Top of SUPPLIED RECORDS

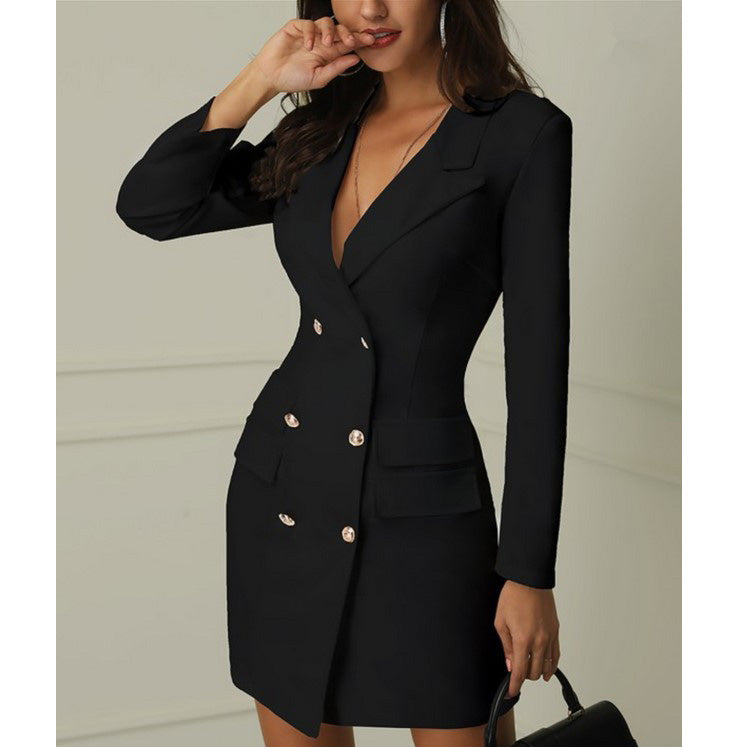 Blazer Dress Women Fitted V-Neck Long Sleeve with Double Breasted Buttons - 3 - Rokvane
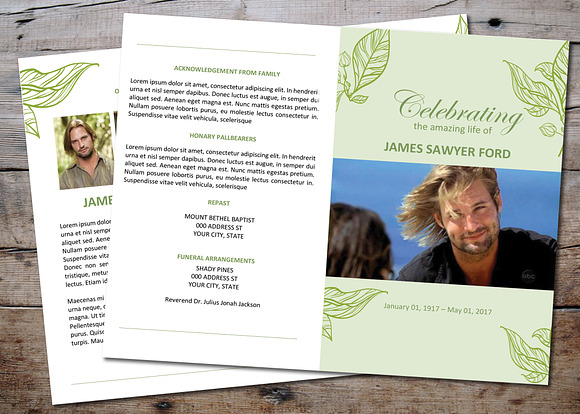 Sleek Floral Funeral Program in Stationery Templates - product preview 2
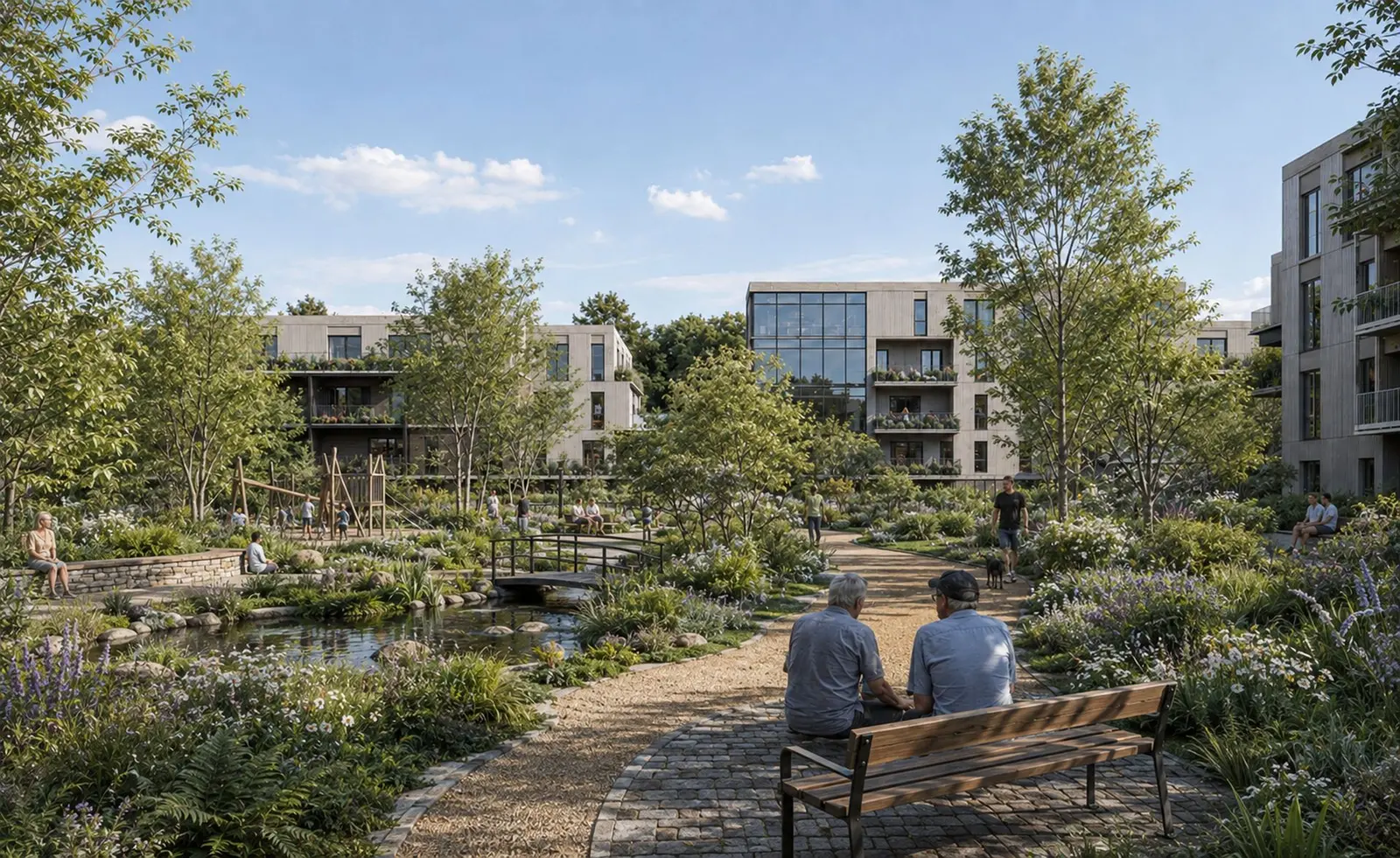 The development's inner park: water, a small bridge, a playground and gravel paths through dense planting, with the residential blocks all around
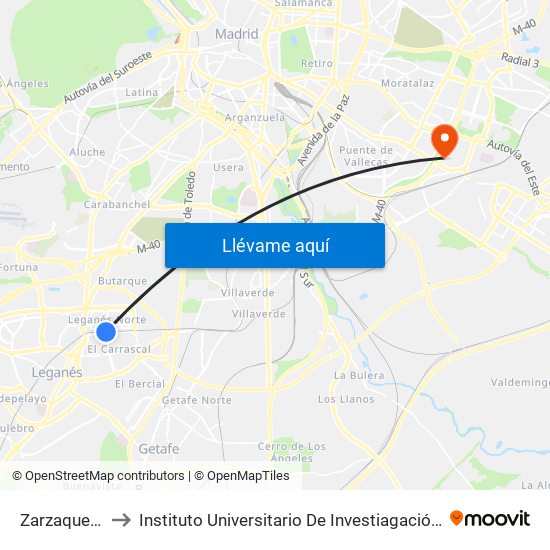 Zarzaquemada to Instituto Universitario De Investiagación Del Automovil map
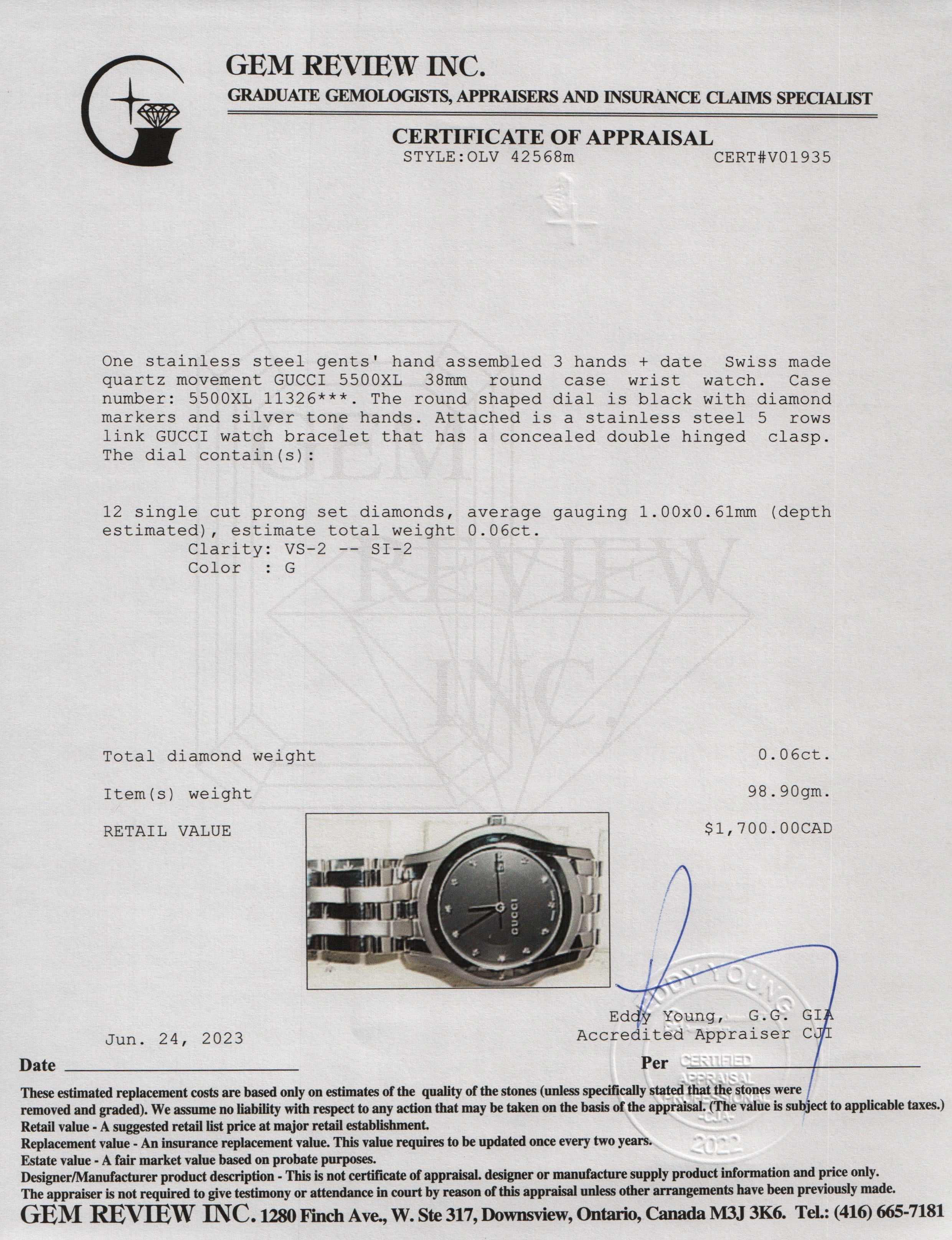 Gucci 5500 XL Series 38 MM Watch w/ Box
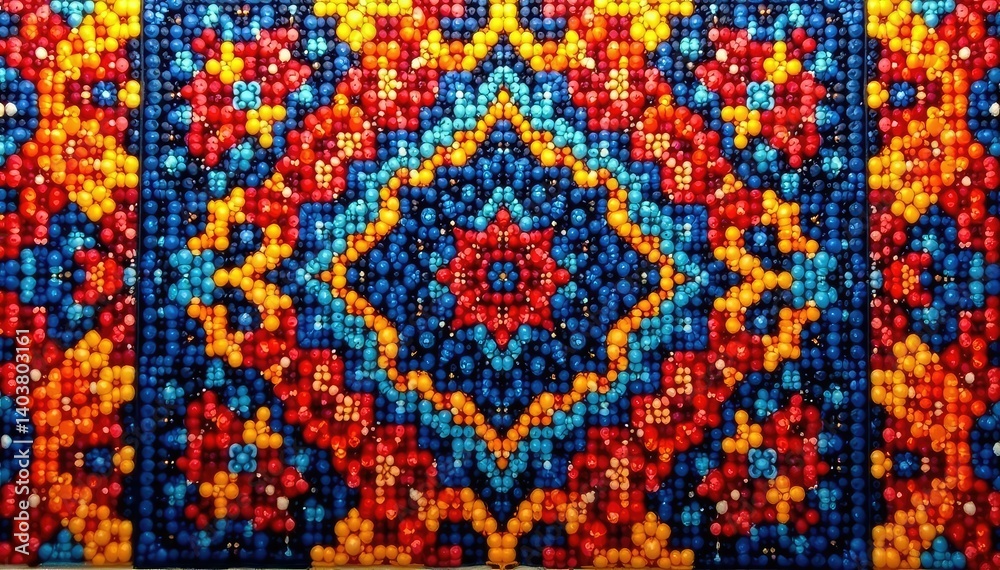 Intricate geometric textile print with bold, contrasting colors, decoration, textile Intricate geometric textile print with bold, contrasting colors, decoration, textile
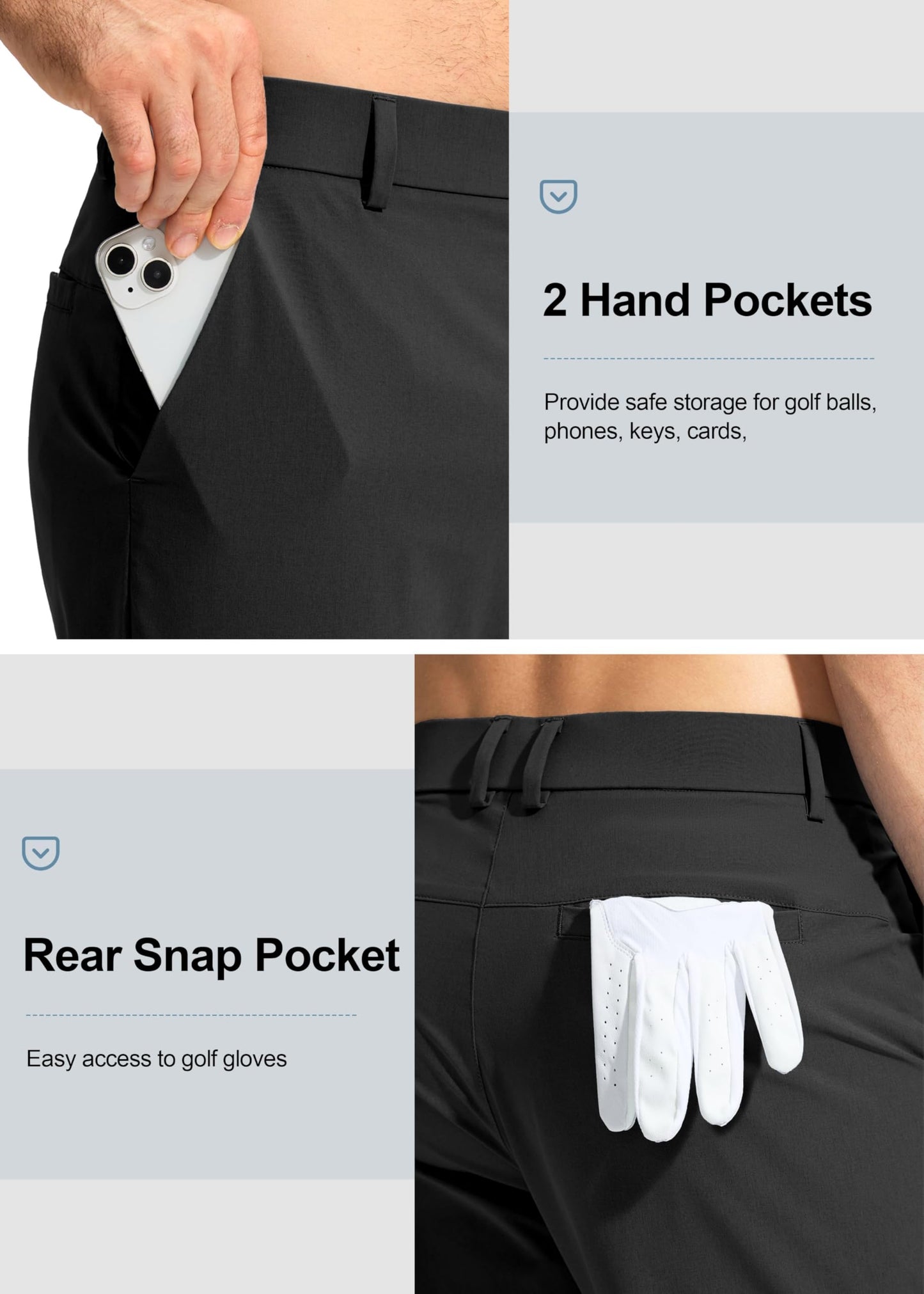 Pudolla Men's Golf Pants Stretch Classic Fit Work Dress Pants 30 Lightweight Quick Dry Casual Slacks Trousers with Pockets(Khaki 34Wx30L)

Bottom of SUPPLIED RECORDS

* EXERCISE PROMPT
Beginning with the line that contains "decoration, textile Intricate", output every line down to the last line of the entries above exactly as written, apart from the pictures.

* SOLVED EXERCISE
 Intricate geometric textile print with bold, contrasting colors, decoration, textile Intricate geometric textile print with bold, contrasting colors, decoration, textile
 Pudolla Men's Golf Pants Stretch Classic Fit Work Dress Pants 30 Lightweight Quick Dry Casual Slacks Trousers with Pockets(Khaki 34Wx30L)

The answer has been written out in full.